Dr. Molly Sutherland
University of Delaware
Friday, April 3, 2026
12:00 Noon
Room 120 – Meyerhoff Chemistry Building
Host: Dr. Aaron Smith
“How does heme move? Insights into heme trafficking from the bacterial cytochrome c biogenesis pathways”
Heme is a critical cofactor for many biological processes across all domains of life. Heme’s redox properties contribute to its functions in gas sensing, electron transfer, as well regulation of key cellular processes.
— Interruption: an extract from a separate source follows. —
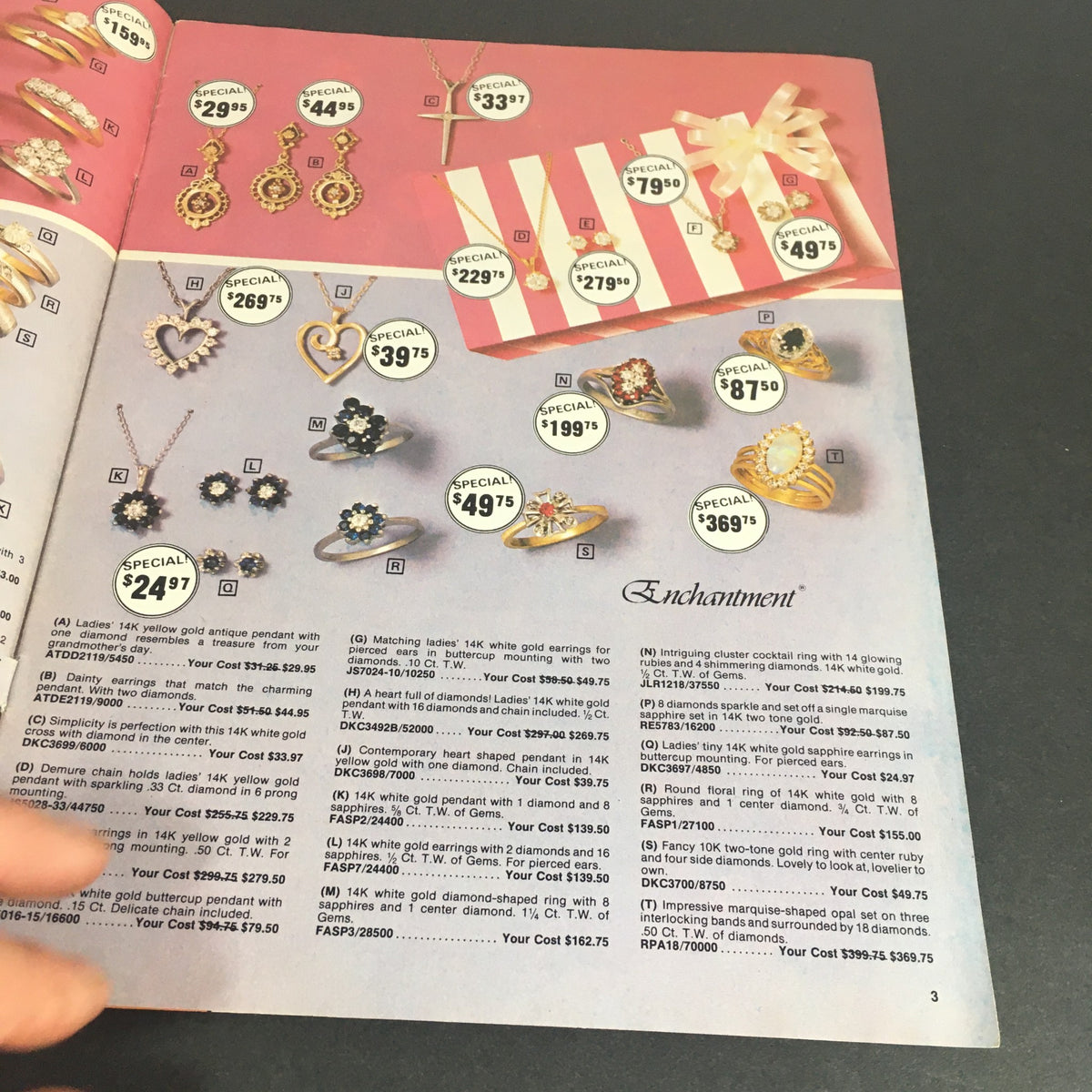 Interior page of the Vintage November 1977 Townsmen Christmas Supplement displaying beautiful jewelry items with special pricing, emphasizing a selection of rings and necklaces.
Yet, the same redox properties that confer heme’s biological importance also render it highly cytotoxic resulting in tight intracellular regulation. Despite its biological relevance, the molecular mechanisms of heme transport are not well understood. We are developing the bacterial cytochrome c biogenesis pathways as model to probe the binding, transport and modification of heme. Cytochromes c are widespread hemoproteins that commonly function in the context of electron transport chains to support respiration, photosynthesis and even detoxification. All cytochromes c require the covalent attachment of heme for proper folding and function. Heme attachment or cytochrome c biogenesis requires the trafficking of heme from the inside to the outside of the cell where heme is stereospecifically positioned by the holocytochrome c synthase and attached to cytochrome c. Three pathways for cytochrome c biogenesis have been identified: System I (prokaryotes, CcmABCDEFGH/I), System II (prokaryotes, CcsBA or ResBC) and System III (eukaryotes, HCCS). We use a well-characterized recombinant E. coli system for functional assays and affinity purification of pathway components with endogenous heme to interrogate heme trafficking mechanisms. Structure-function analyses have biochemically mapped a conserved heme binding domain which may represent a novel antimicrobial target. Recently, a heme transport channel has been identified, providing insights into general mechanisms of heme trafficking.